I purchased a used XD9 a while back and was thinking about duracoating it because a lot of the original finish is holster worn, and some scratches...normally I wouldn't really care, but I really like this gun, and would like to try to refinish it. Have any of you folks used duracoat before? If so, how did you like it, and what color is the closest match to the original? It appears as though my gun just had Parkerizing on it from the factory...I wonder if the oxide black color would be similar? I would hate to buy 3 or 4 colors and end up only using one. Thanks in advance.


----------



## trgams (Feb 23, 2016)

nobody knows huh? what duracoat color most closely matches the original finish? Maybe I'll get a pack of the black oxide color and try it on something else to see how close a match it is..


----------



## desertman (Aug 29, 2013)

trgams said:


> nobody knows huh? what duracoat color most closely matches the original finish? Maybe I'll get a pack of the black oxide color and try it on something else to see how close a match it is..


If you're gonna' do anything have it "Cerakoted". Duracoat is nothing more than a better grade of paint with a hardener. Look up "Cerakote" and see if there is someone in your area that can do it. It has to be baked on but it is the most durable finish you'll ever get on a firearm. It comes in just about every color under the sun. I had the slide done on my HK45C.


----------



## trgams (Feb 23, 2016)

desertman said:


> If you're gonna' do anything have it "Cerakoted". Duracoat is nothing more than a better grade of paint with a hardener. Look up "Cerakote" and see if there is someone in your area that can do it. It has to be baked on but it is the most durable finish you'll ever get on a firearm. It comes in just about every color under the sun. I had the slide done on my HK45C.
> View attachment 2318


I was thinking about that, but I'm kindof wanting to do it myself...I wonder if I can get cerakote myself and try it...probably try it on something else before on my actual gun.


----------



## desertman (Aug 29, 2013)

trgams said:


> I was thinking about that, but I'm kindof wanting to do it myself...I wonder if I can get cerakote myself and try it...probably try it on something else before on my actual gun.

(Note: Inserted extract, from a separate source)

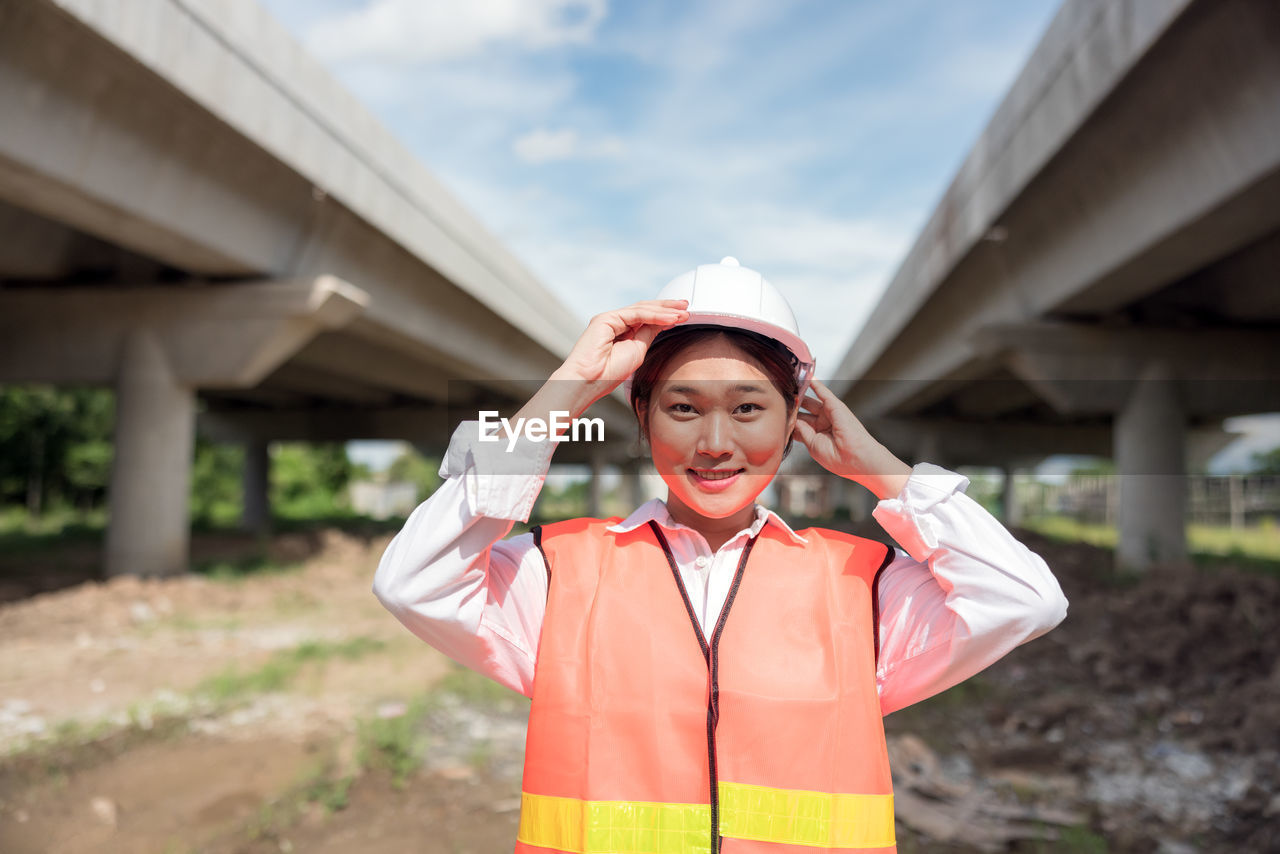 At a building site, a confident female construction worker poses for a portrait.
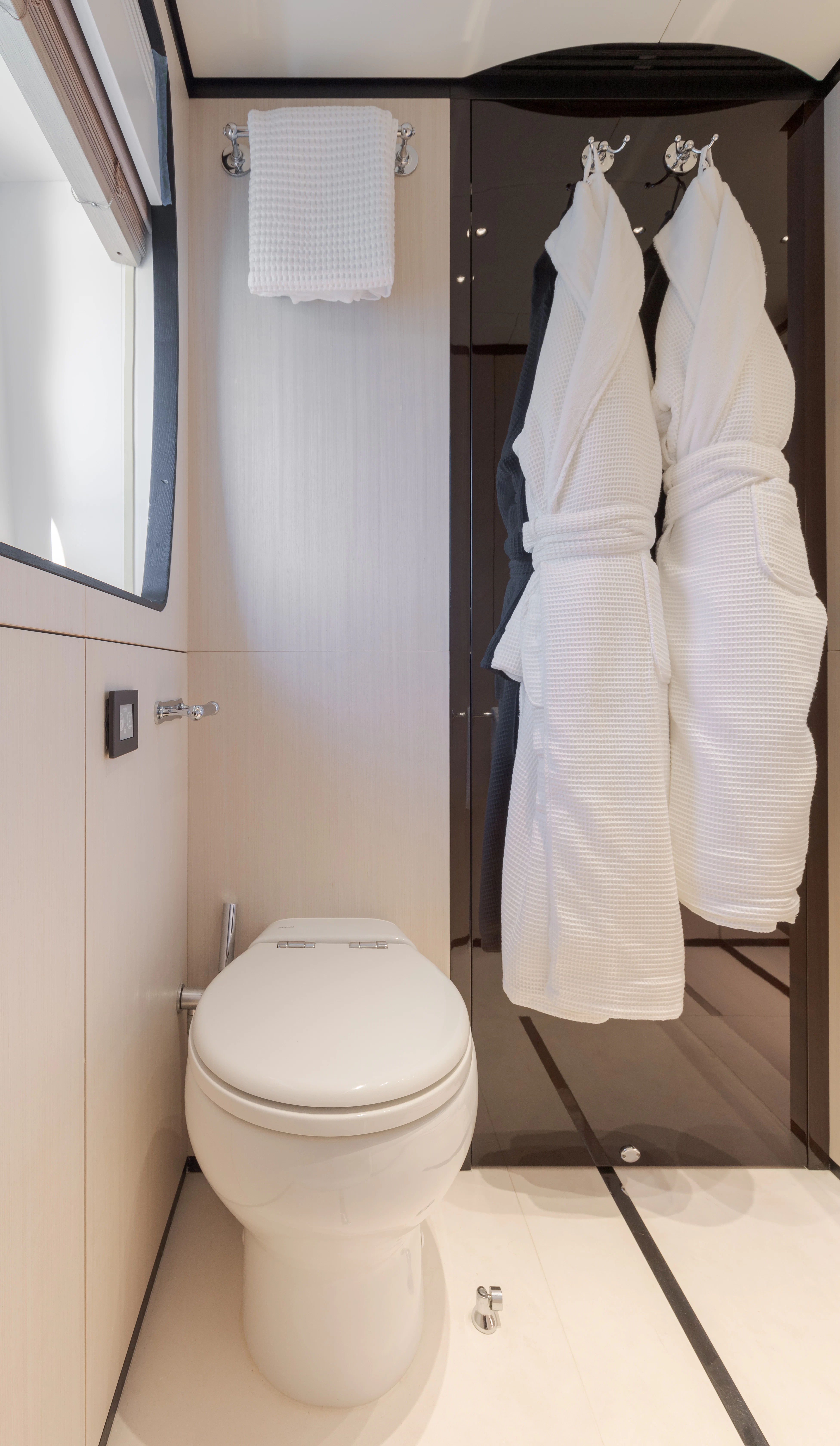 a white suit on a rack aboard BELLA VITA Yacht for Charter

Yeah, I wanted to do it myself too. From painting cars I have all types of spraying equipment. But after looking into all of the different types of finishes decided that I might as well go for the best. I believe they do sell to individuals. However there are specific processes involved including soda blasting the part using the correct media. The exact amount of hardener also has to be added. And it does have to be baked on at a specific temperature and for a specific amount of time. I think it's best left to someone who has experience using it. I believe that many of them are certified in using their products. Even if you do use 'Duracoat" you're probably going to have to have the part blasted using the proper media anyway. Depending on your experience it might be best to leave it up to someone who has done firearms before. It's a lot different than stripping paint off of a car. Careful preparation is always critical to the end result.


----------



## Steve M1911A1 (Feb 6, 2008)

...Also, to get an even, uniform coating, the part(s) might have to be "fixtured" so that the entire exterior is done in one pass, without leaving bald spots anywhere.
Do you have, or can you construct, the fixture that the job requires? The commercial shop already has the fixtures necessary for the job on hand.


----------